The evening had been delightful, Gay thought; for a while they had all played a hilarious card game for the prize David offered, the prize being a large conch shell which David himself had selected upon a hilarious and candlelighted search through the freezing wilderness of some of the downstairs rooms. And then they had stood talking about the fire, and finally had grouped themselves about it; the girls packed into chairs in twos, the men on the floor, for five more minutes—and five more!—of pleasant, weary, desultory conversation. David had held his favourite position, during this talk, standing, with one arm on the mantel and his charming smile turned to the room, and Gabrielle noticed, or thought she did, that he rarely moved his eyes from Sylvia’s face.

But when he did, it was almost always to give her, Gay, a specially kind look; every moment—she could not help it!—made him seem more wonderful, and every one of his rare words deepened the mysterious tie that drew her, strangely confused, strangely happy, and strangely sad, nearer and nearer to him.

There was another portrait of Roger here, this one painted in about his fortieth year; handsomer than ever, still smiling, a book open before him on a table, a beautiful ringed hand dropped on a collie’s lovely feathered ruff.

“That was your father, Mr.
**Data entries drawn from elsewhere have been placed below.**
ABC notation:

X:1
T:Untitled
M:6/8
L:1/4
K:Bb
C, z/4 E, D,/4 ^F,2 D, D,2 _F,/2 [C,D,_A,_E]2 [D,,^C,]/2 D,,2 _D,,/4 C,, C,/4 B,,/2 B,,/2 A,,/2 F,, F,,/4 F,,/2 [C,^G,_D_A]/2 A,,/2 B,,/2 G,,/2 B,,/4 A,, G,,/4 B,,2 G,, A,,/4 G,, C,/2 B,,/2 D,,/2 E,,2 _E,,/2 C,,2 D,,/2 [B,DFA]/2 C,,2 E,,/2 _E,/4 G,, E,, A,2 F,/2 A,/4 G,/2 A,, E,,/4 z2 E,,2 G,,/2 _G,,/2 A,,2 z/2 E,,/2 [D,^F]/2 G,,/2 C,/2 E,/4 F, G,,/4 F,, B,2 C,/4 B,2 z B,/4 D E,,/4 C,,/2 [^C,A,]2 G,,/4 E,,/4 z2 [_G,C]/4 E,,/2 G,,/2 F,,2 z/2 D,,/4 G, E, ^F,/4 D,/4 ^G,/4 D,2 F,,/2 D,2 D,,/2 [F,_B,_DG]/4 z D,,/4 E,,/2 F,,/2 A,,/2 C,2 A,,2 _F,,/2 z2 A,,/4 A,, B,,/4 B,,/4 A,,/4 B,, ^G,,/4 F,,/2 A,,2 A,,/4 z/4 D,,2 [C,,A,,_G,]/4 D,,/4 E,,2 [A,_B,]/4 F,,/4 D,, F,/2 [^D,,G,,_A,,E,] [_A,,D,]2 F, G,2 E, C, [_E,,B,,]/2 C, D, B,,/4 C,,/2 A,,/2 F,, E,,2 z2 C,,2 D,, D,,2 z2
Fleming?” Gwen Montallen had asked, looking up at Roger’s likeness.

“Stepfather. My father died before I was born,” David said, with his ready, attentive interest. “My mother married Mr. Fleming when I was only a baby.”
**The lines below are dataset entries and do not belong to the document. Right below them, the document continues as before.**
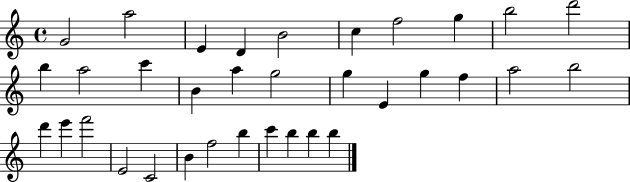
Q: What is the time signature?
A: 4/4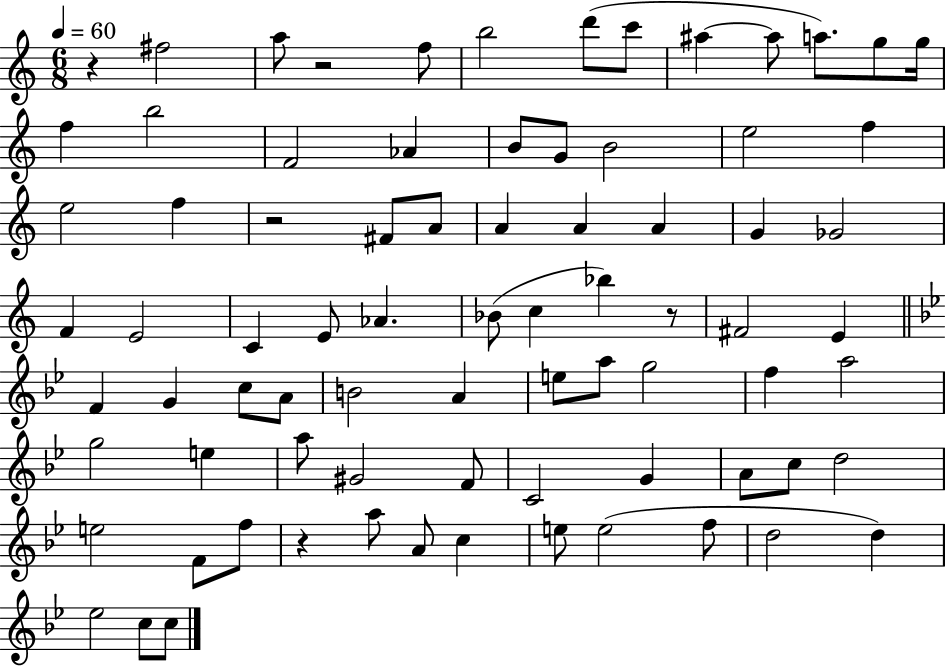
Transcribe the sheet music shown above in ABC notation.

X:1
T:Untitled
M:6/8
L:1/4
K:C
z ^f2 a/2 z2 f/2 b2 d'/2 c'/2 ^a ^a/2 a/2 g/2 g/4 f b2 F2 _A B/2 G/2 B2 e2 f e2 f z2 ^F/2 A/2 A A A G _G2 F E2 C E/2 _A _B/2 c _b z/2 ^F2 E F G c/2 A/2 B2 A e/2 a/2 g2 f a2 g2 e a/2 ^G2 F/2 C2 G A/2 c/2 d2 e2 F/2 f/2 z a/2 A/2 c e/2 e2 f/2 d2 d _e2 c/2 c/2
“And where does Gabrielle come in?” asked Gwen, who had taken a fancy to the younger girl and was showing it in the kindly modern fashion.

“Well, let’s see. Gay’s mother was Aunt Flora’s sister,” David elucidated. “They were Flemings, too. It’s complicated,” admitted David, smilingly. “To get us Flemings straightened out you really have to go back thirty years, to the time I was a baby. My mother was a young widow then, who had married a David Fleming, who was a sort of cousin of Uncle Roger. He doesn’t come into the story at all——”

“And that’s Uncle Roger?” Laura Montallen asked, looking up at the picture.

“That’s Uncle Roger,” David nodded. “I was only a baby when my mother married him, and he was the only father I remember. A year after she married him, my mother had another boy baby, so there were two of us growing up here together.”

“Ah, you’ve a half-brother?” Laura asked.